**Exercise details:** Copy the data that follows exactly, and include none of its images.

**Recorded information:**

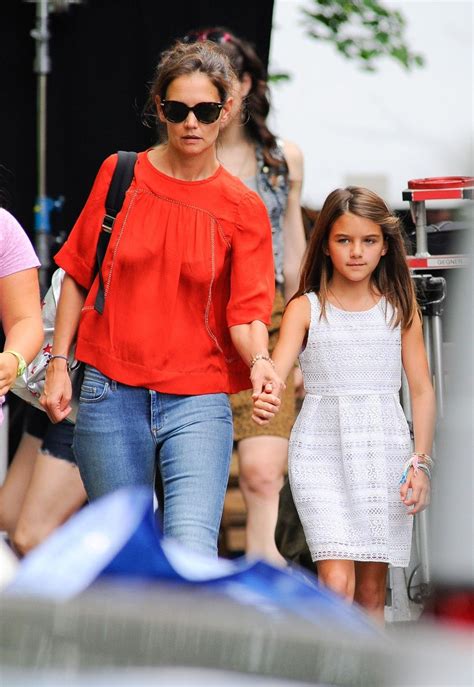katie holmes brings her daughter suri to the set of all we had on august 24 2015 suri cruise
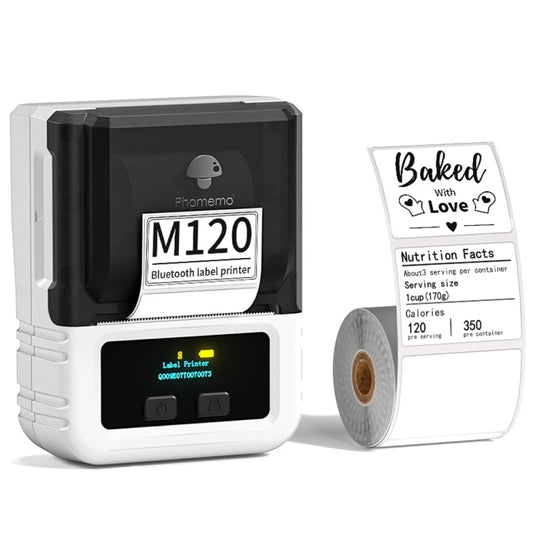 Phomemo M120 Label Maker Barcode Printer Bluetooth Thermal Label Machine, Black, White, Orange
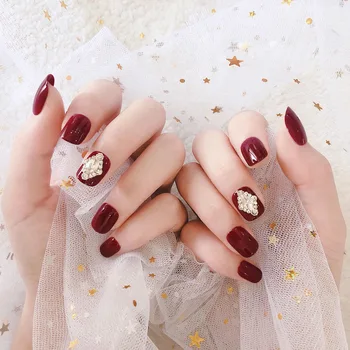 

24pcs Wine Red False Nails Full Cover Artificial Diamond Rhinestone Design Short Square Fake Nails with Glue Wedding Bride Style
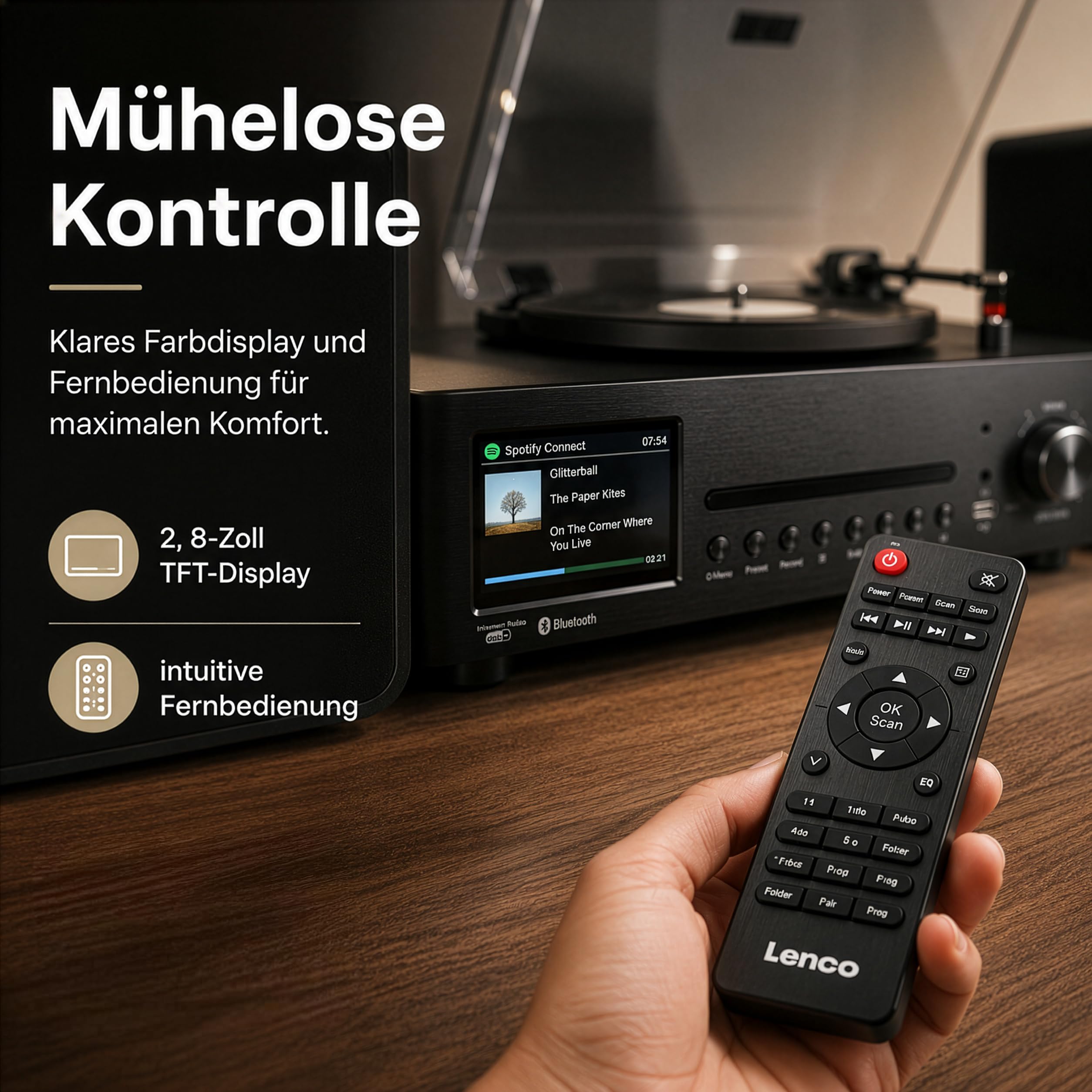 Lenco MC-760BK Plattenspieler mit Lautsprecher - Schallplattenspieler 60 W - Vinyl Player Bluetooth 5.3 - Record Player - DAB+ - Holz/Schwarz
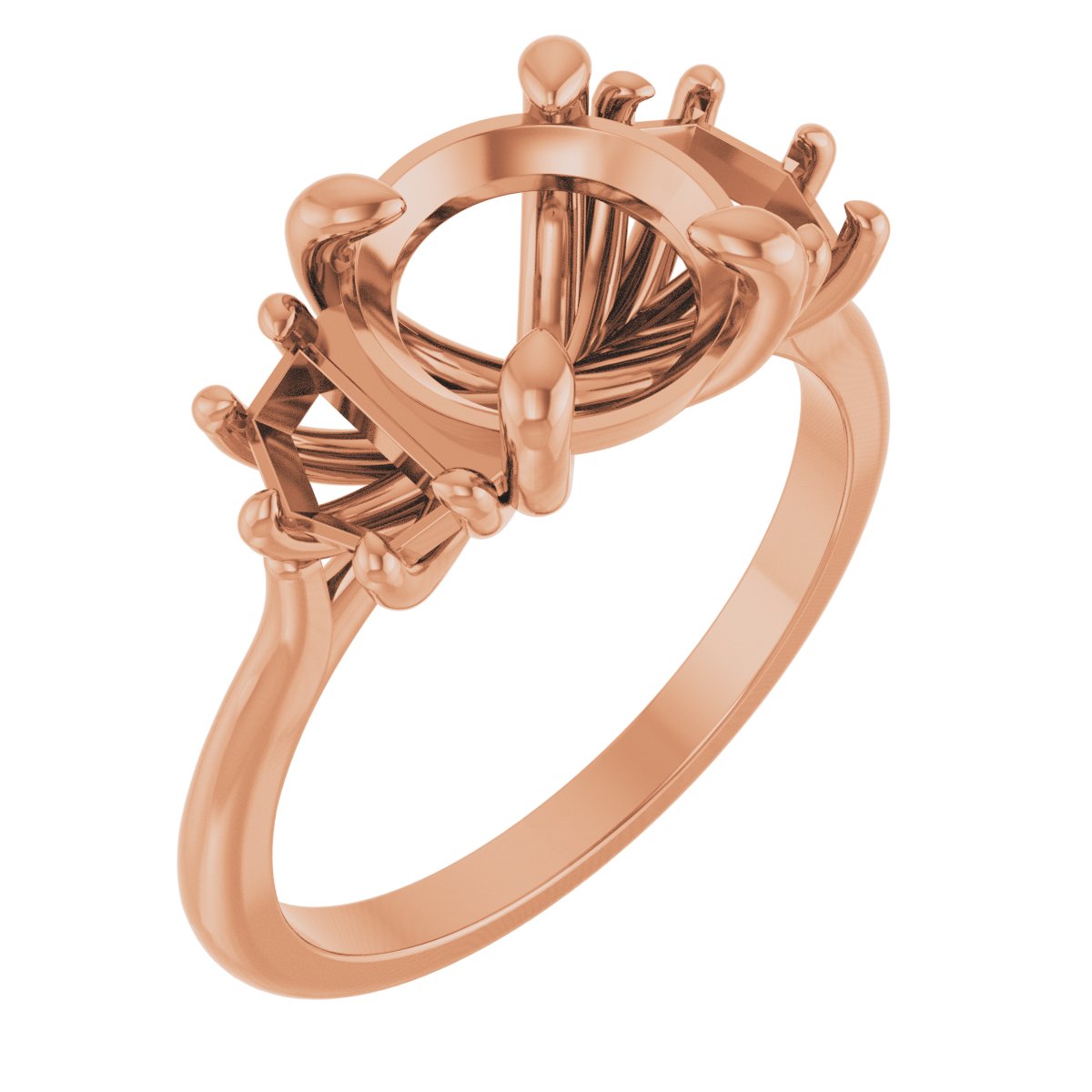 Claw-Prong Three-Stone Engagement Ring or Band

**Answer area:**
katie holmes brings her daughter suri to the set of all we had on august 24 2015 suri cruise
 Phomemo M120 Label Maker Barcode Printer Bluetooth Thermal Label Machine, Black, White, Orange

24pcs Wine Red False Nails Full Cover Artificial Diamond Rhinestone Design Short Square Fake Nails with Glue Wedding Bride Style
 Lenco MC-760BK Plattenspieler mit Lautsprecher - Schallplattenspieler 60 W - Vinyl Player Bluetooth 5.3 - Record Player - DAB+ - Holz/Schwarz
 Claw-Prong Three-Stone Engagement Ring or Band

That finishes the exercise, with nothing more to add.